This study found that the highest pre-ECMO implantation, pre-ECMO weaning, and pre-discharge NT-pro BNP levels were higher in CS patients who had died than in those who were undergoing rehabilitation. Pre-discharge NT-pro BNP levels were the best predictor of patient prognosis.
CS is a state of inadequate tissue perfusion due to cardiac dysfunction. The pathophysiology of CS involves a “downward spiral”: ischemia causes myocardial dysfunction, which, in turn, worsens ischemia.10 VA-ECMO introduces blood from the right atrium into the extracorporeal circulation through a catheter; this blood is fully oxygenated by a membrane oxygenator and then re-infused from the arterial end to the aorta. VA-ECMO thus increases effective circulation and ensures perfusion of vital organs.11 However, patients with CS receiving VA-ECMO often have severe underlying diseases, myocardial cell damage, and necrosis. Heart function may steadily deteriorate despite VA-ECMO support, resulting in disease progression and even death.12 In this study, the etiology of CS of patients receiving ECMO included heart failure (55.84%), fulminant myocarditis (15.58%), and malignant arrhythmias (23.38%) along with critical primary disease. Therefore, it is important to analyze the associated factors and evaluate the prognosis of CS patients receiving VA-ECMO support to improve their clinical outcomes and more appropriately use medical resources.
BNP is mainly synthesized and secreted by ventricular myocytes. BNP is an important endocrine factor that can promote sodium excretion and diuresis. BNP has strong vasodilatory effects, counteracts the renin-angiotensin-aldosterone system, and protects the body against volume overload and hypertension. The precursor of BNP, NT-proBNP, has a longer half-life and better stability and is an important diagnostic and prognostic value in heart failure, especially in cases of CS.13 NT-pro BNP can also be used for physical screening in elderly and high-risk groups since it has greater diagnostic and prognostic value in the early detection and intervention of heart failure.13,14
When VA-ECMO is used in patients with CS, an early and accurate assessment of tissue perfusion is critical for adjusting therapy and determining patient prognosis.

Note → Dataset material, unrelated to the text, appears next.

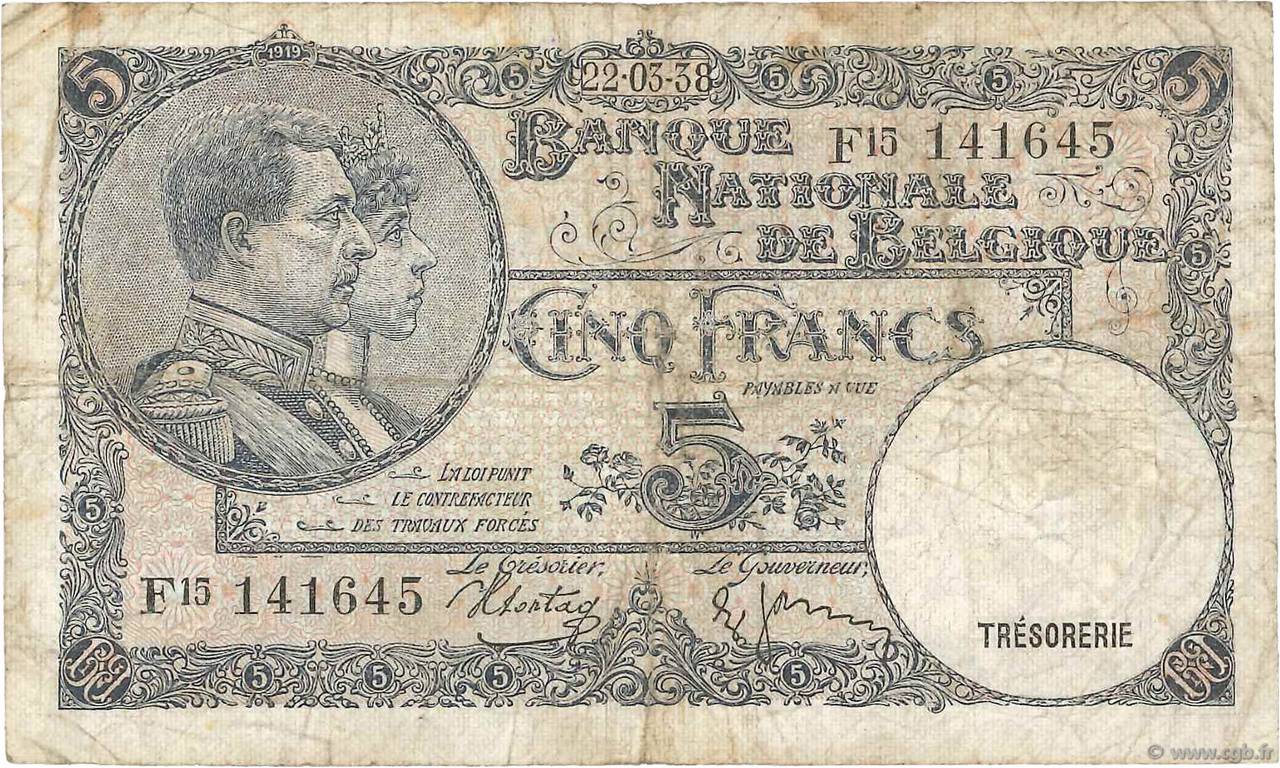 5 Francs BELGIEN  1938 P.108a SGE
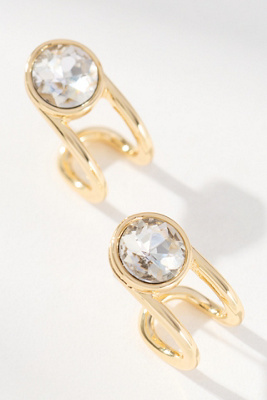 By Anthropologie Round Crystal Prong Huggie Hoop Earrings In Gold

The closed-loop system of the body circulation is disrupted by ECMO and the use of sedative, analgesic, and vasoactive drugs. Traditional tissue perfusion indicators (such as heart rate and urine volume) and invasive hemodynamic monitoring (such as Swan-Ganz balloon float catheters and pulse-indicated continuous cardiac output monitoring) cannot accurately measure and respond to tissue perfusion. Sometimes, even critical care ultrasound technology cannot accurately evaluate tissue perfusion.15,16 NT-pro BNP changes in adults treated with ECMO have rarely been studied except for a few reports in children [17, 18]. This study found that pre-ECMO implantation, pre-ECMO weaning, and pre-discharge NT-pro BNP values were lower in patients undergoing rehabilitation from CS than in those who had died of CS. These results are consistent with a study by Huang et al., which found significantly lower BNP levels in children who had survived CS than in those who had died of CS.19 Moreover, the difference between NT-pro BNP values in the death versus rehabilitation groups gradually increased as the patients’ conditions deteriorated, indicating that continuous monitoring of NT-pro BNP levels may be useful for patients receiving ECMO.
This study also showed that NT-pro BNP levels prior to ECMO weaning and discharge were predictive of patient death, of which NT-pro BNP levels prior to discharge were the best predictor of patient death. The high predictive value of pre-discharge NT-pro BNP level may be because patients in the rehabilitation group had significantly improved cardiac function and reduced blood NT-pro BNP levels at the time of ECMO weaning and discharge, while those in the death group (with varying degrees of persistent cardiac dysfunction) displayed continuous high-level secretions of NT-pro BNP. At the time of discharge (when the intergroup difference was greatest), the differences in the ROC curves and patient prognosis were also the most accurate. These results suggest that NT-pro BNP has an important diagnostic and predictive role at each treatment stage in adult CS patients receiving VA-ECMO assistance. The most predictive NT-pro BNP values for patient prognosis were those at discharge.
In addition, age; SOFA score; Cr, PLT, BUN, TBIL, PLT, and LA levels; MAP; pre-ECMO weaning Cr level, pre-discharge NT-pro BNP level, and LVEF% were reliable predictors of patient death. This study found that pre-discharge NT-pro BNP values were the best predictors of patient death among all variables; however, our results differ from those of previous studies. This different result could be due to differences in inclusion and exclusion criteria, participant selection, and sample size among studies.20,21
This study has several limitations. First, this study was retrospective in nature. Thus, prospective studies are required to validate our results. Second, the statistical efficacy was relatively limited owing to the small sample size. Finally, NT-pro BNP levels were recorded at only four key time points throughout this study. In the future, sample sizes and time points should be expanded upon when obtaining continuous values to further investigate the relationship between changes in NT-pro BNP levels and patient prognosis.